= Information supplied =
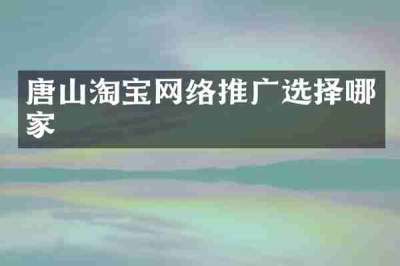 唐山淘宝网络推广选择哪家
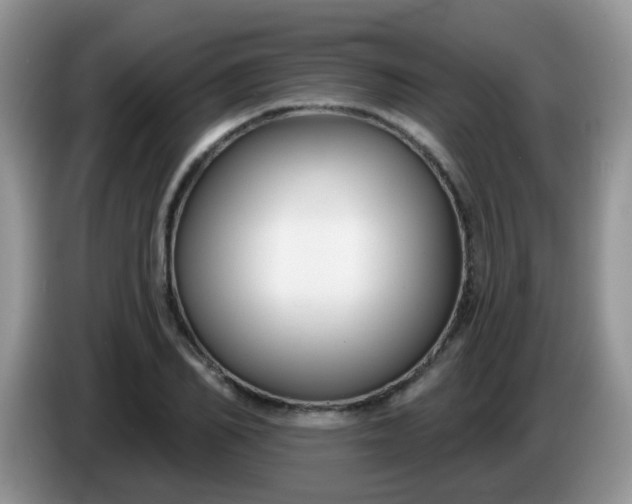 X0000086250982200704121949
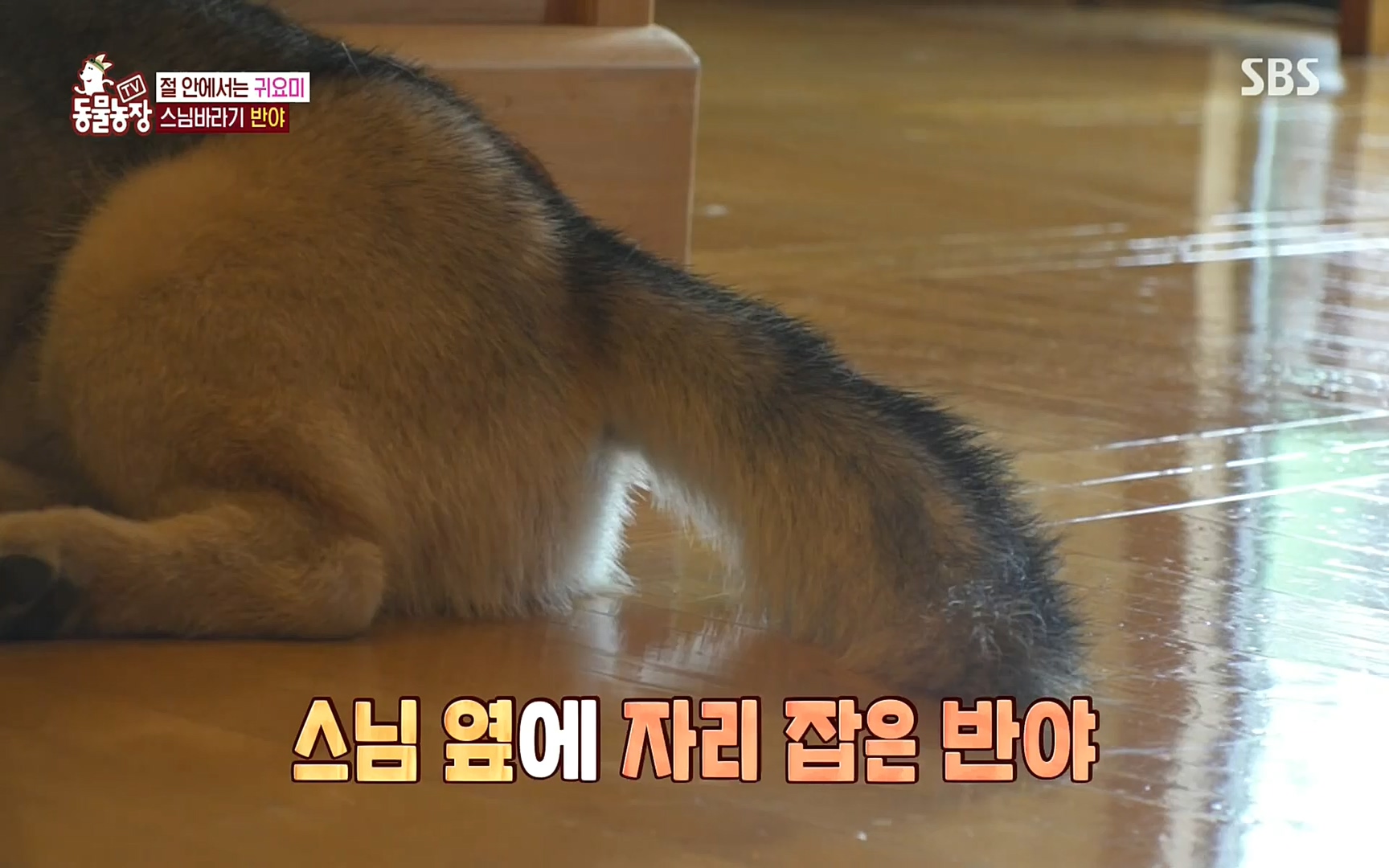 TV 동물농장.E1083.220821p.H264-F1RST.mp4_20220821_183707.641.jpg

= Exercise description =
Go through the listing above and quote it exactly, apart from its images.

= Task result =
 唐山淘宝网络推广选择哪家
 X0000086250982200704121949
 TV 동물농장.E1083.220821p.H264-F1RST.mp4_20220821_183707.641.jpg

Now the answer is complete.